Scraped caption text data

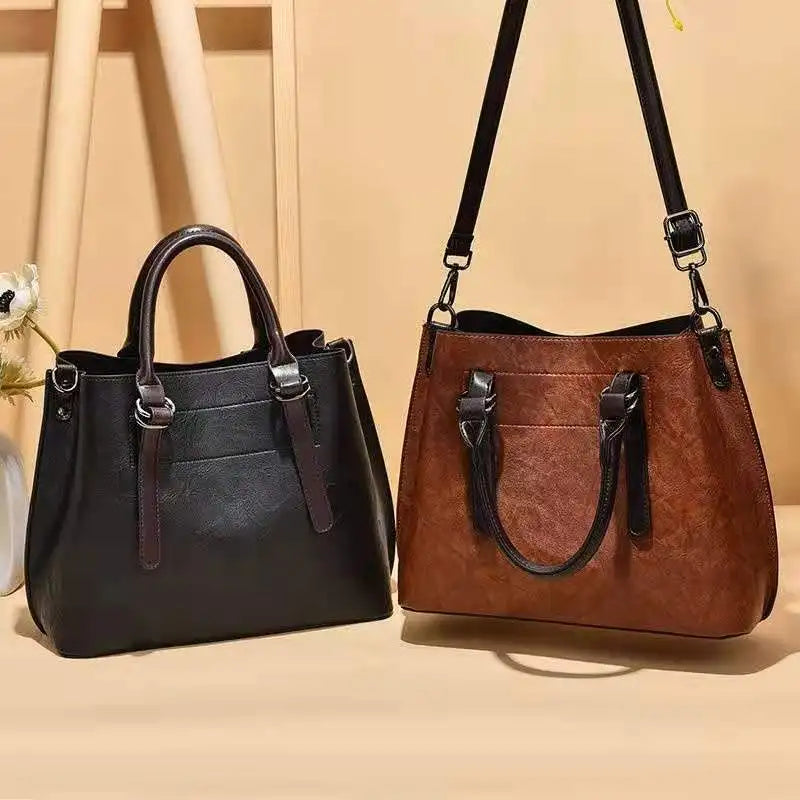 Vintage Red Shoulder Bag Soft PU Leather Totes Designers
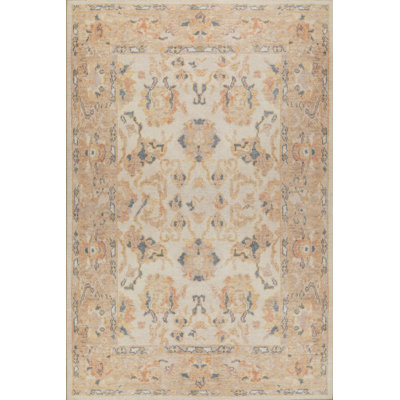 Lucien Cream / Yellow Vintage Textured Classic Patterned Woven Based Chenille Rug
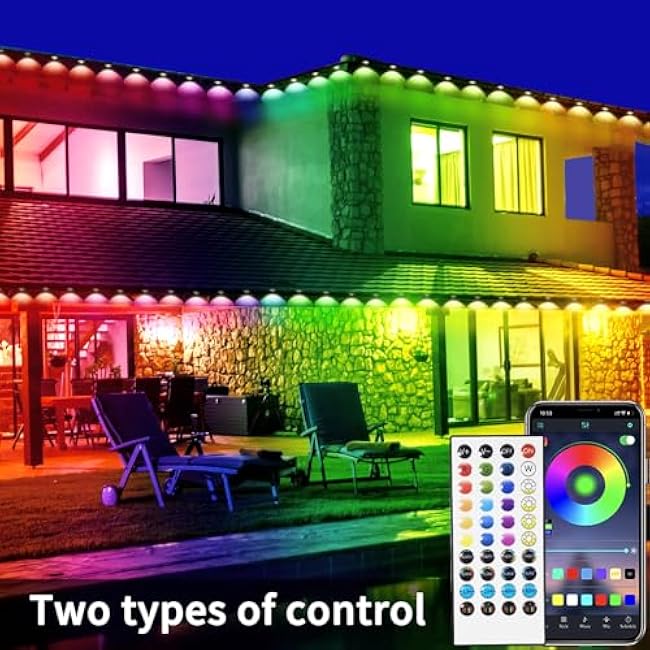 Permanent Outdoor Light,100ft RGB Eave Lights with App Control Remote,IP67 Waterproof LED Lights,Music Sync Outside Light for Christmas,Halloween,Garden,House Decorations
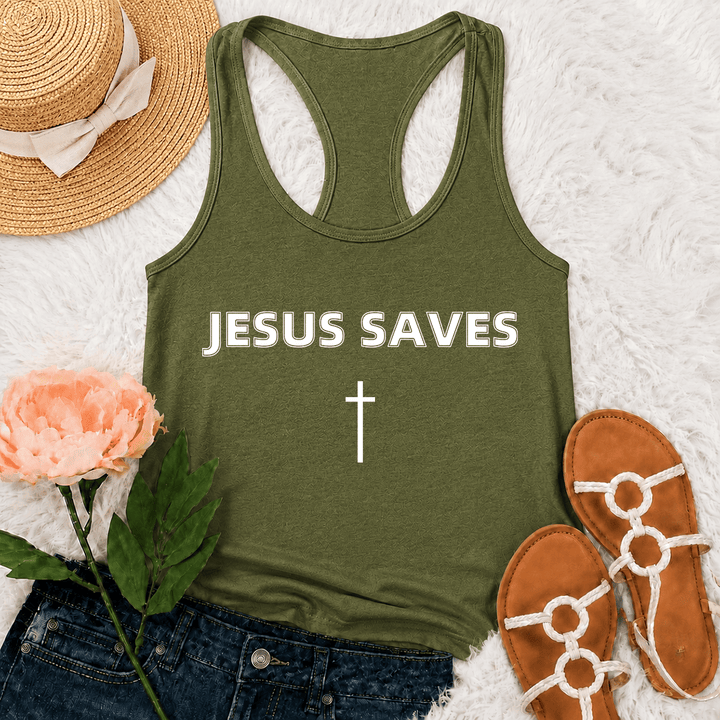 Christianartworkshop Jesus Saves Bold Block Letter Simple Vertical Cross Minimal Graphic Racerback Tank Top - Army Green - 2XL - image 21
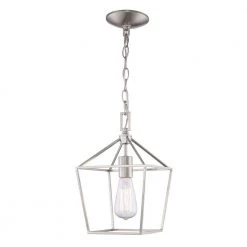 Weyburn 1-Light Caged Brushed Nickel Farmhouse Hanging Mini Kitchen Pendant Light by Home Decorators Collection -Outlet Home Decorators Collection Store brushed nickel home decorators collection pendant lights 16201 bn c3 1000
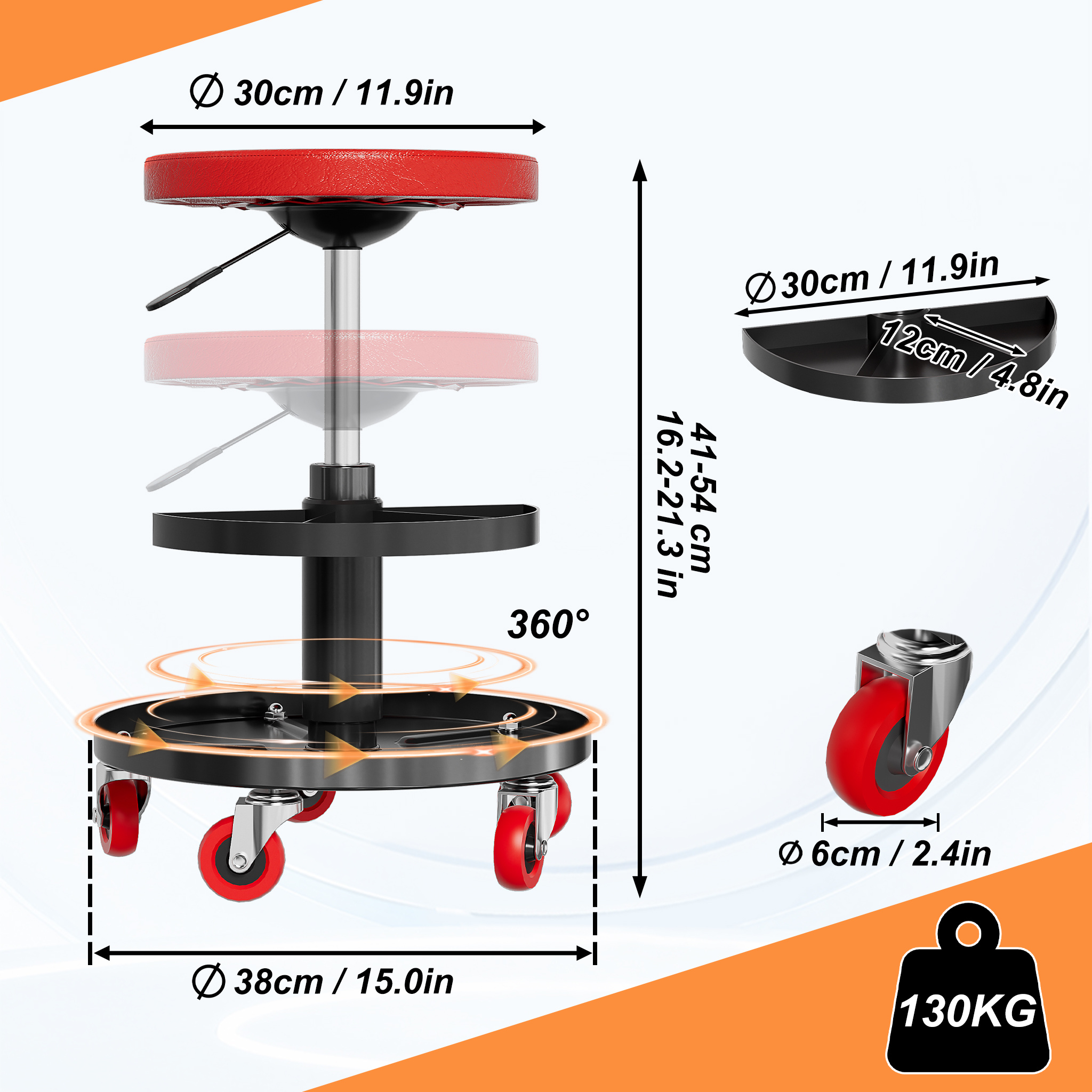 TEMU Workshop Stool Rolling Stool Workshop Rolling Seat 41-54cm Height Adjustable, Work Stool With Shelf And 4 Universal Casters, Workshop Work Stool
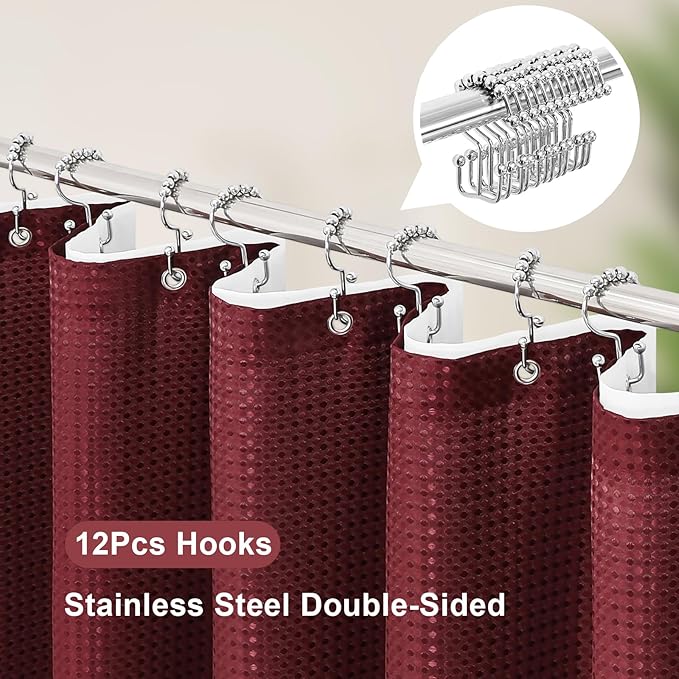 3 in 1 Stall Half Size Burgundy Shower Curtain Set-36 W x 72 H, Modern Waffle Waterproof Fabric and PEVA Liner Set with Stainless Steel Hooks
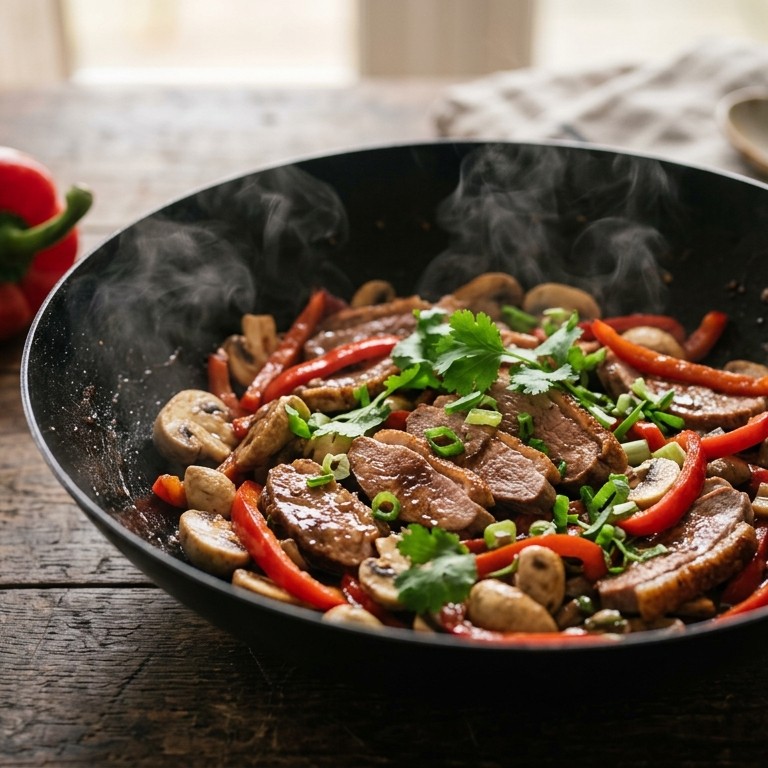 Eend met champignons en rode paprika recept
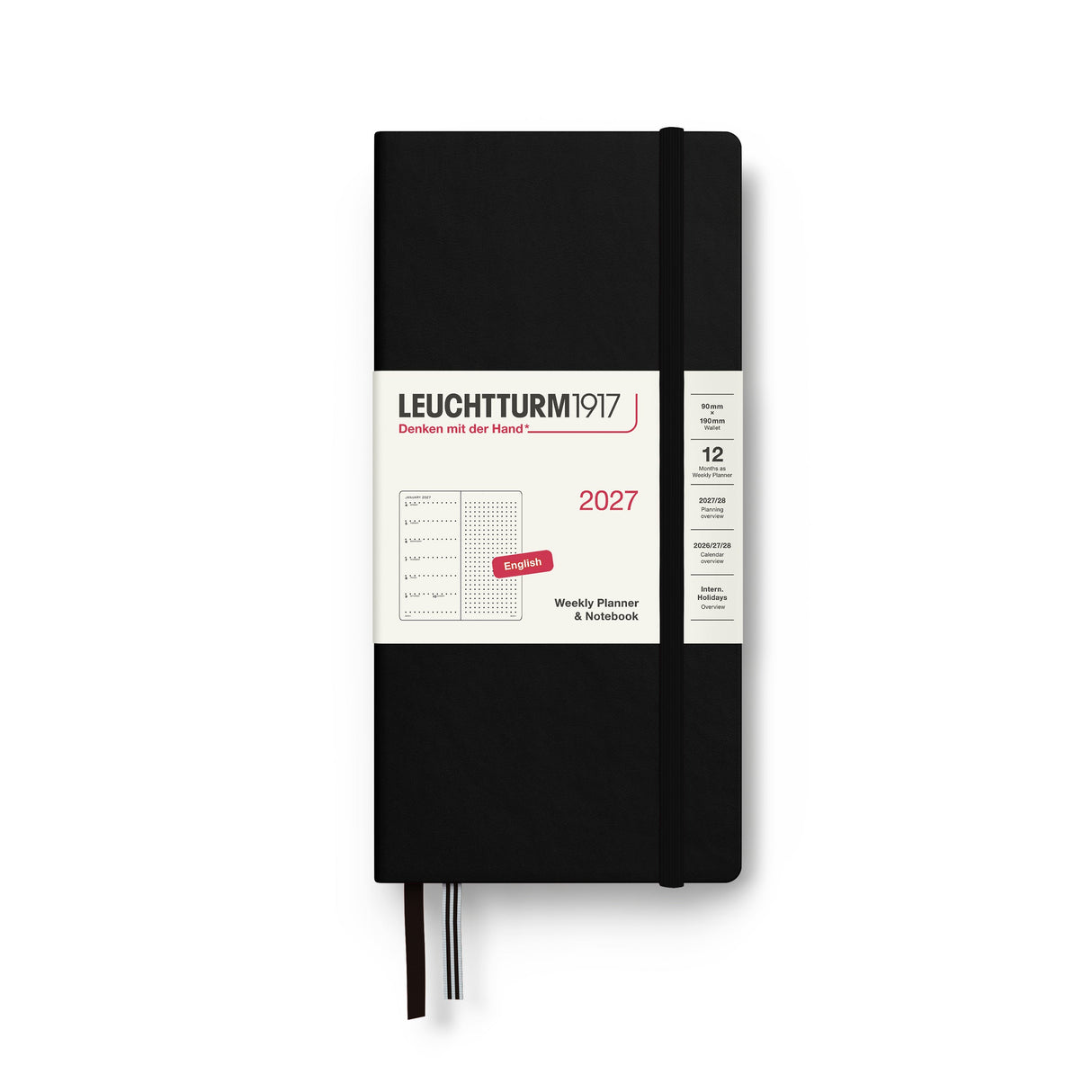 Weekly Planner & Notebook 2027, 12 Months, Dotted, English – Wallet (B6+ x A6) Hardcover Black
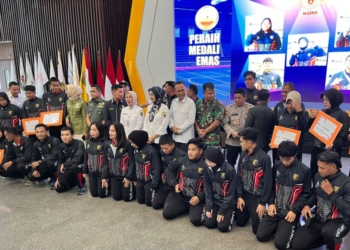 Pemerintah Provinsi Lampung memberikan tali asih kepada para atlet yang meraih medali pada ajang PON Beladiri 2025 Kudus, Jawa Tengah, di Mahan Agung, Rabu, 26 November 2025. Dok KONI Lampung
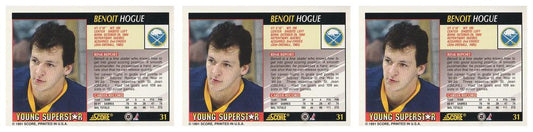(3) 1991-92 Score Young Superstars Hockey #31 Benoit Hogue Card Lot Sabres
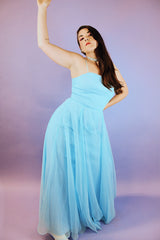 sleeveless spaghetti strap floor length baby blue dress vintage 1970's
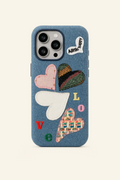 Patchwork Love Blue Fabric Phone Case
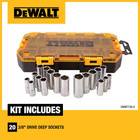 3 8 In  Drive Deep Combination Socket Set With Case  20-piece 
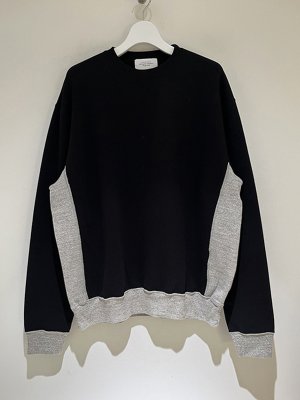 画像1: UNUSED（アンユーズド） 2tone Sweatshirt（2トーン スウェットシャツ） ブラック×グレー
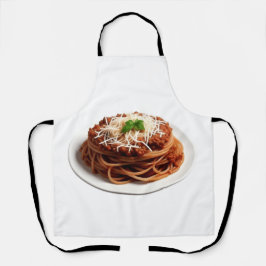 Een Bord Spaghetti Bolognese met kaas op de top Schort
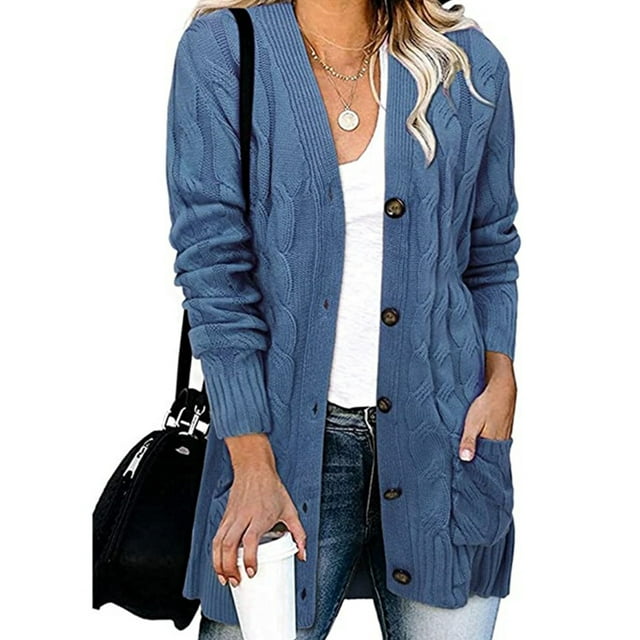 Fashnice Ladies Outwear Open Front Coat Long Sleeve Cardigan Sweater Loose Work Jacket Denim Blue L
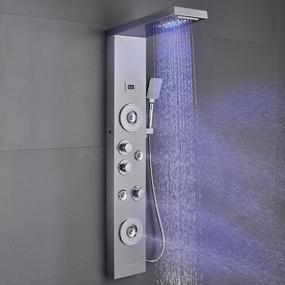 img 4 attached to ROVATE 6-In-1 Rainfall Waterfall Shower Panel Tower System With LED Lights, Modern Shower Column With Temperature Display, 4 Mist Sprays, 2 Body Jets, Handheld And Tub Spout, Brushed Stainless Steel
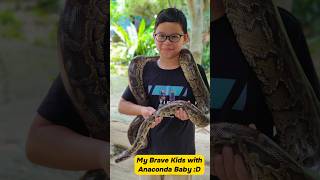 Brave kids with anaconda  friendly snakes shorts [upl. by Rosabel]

Exercise brief: The images are to be left out while the entries are written out exactly.

Answer:
 Vintage Red Shoulder Bag Soft PU Leather Totes Designers
 Lucien Cream / Yellow Vintage Textured Classic Patterned Woven Based Chenille Rug
 Permanent Outdoor Light,100ft RGB Eave Lights with App Control Remote,IP67 Waterproof LED Lights,Music Sync Outside Light for Christmas,Halloween,Garden,House Decorations
 Christianartworkshop Jesus Saves Bold Block Letter Simple Vertical Cross Minimal Graphic Racerback Tank Top - Army Green - 2XL - image 21
 Weyburn 1-Light Caged Brushed Nickel Farmhouse Hanging Mini Kitchen Pendant Light by Home Decorators Collection -Outlet Home Decorators Collection Store brushed nickel home decorators collection pendant lights 16201 bn c3 1000
 TEMU Workshop Stool Rolling Stool Workshop Rolling Seat 41-54cm Height Adjustable, Work Stool With Shelf And 4 Universal Casters, Workshop Work Stool
 3 in 1 Stall Half Size Burgundy Shower Curtain Set-36 W x 72 H, Modern Waffle Waterproof Fabric and PEVA Liner Set with Stainless Steel Hooks
 Eend met champignons en rode paprika recept
 Weekly Planner & Notebook 2027, 12 Months, Dotted, English – Wallet (B6+ x A6) Hardcover Black
 Pemerintah Provinsi Lampung memberikan tali asih kepada para atlet yang meraih medali pada ajang PON Beladiri 2025 Kudus, Jawa Tengah, di Mahan Agung, Rabu, 26 November 2025. Dok KONI Lampung
(3) 1991-92 Score Young Superstars Hockey #31 Benoit Hogue Card Lot Sabres
 sleeveless spaghetti strap floor length baby blue dress vintage 1970's
 Patchwork Love Blue Fabric Phone Case
 3 8 In  Drive Deep Combination Socket Set With Case  20-piece 
 画像1: UNUSED（アンユーズド） 2tone Sweatshirt（2トーン スウェットシャツ） ブラック×グレー
 Een Bord Spaghetti Bolognese met kaas op de top Schort
 Fashnice Ladies Outwear Open Front Coat Long Sleeve Cardigan Sweater Loose Work Jacket Denim Blue L
 img 4 attached to ROVATE 6-In-1 Rainfall Waterfall Shower Panel Tower System With LED Lights, Modern Shower Column With Temperature Display, 4 Mist Sprays, 2 Body Jets, Handheld And Tub Spout, Brushed Stainless Steel
 Brave kids with anaconda  friendly snakes shorts [upl. by Rosabel]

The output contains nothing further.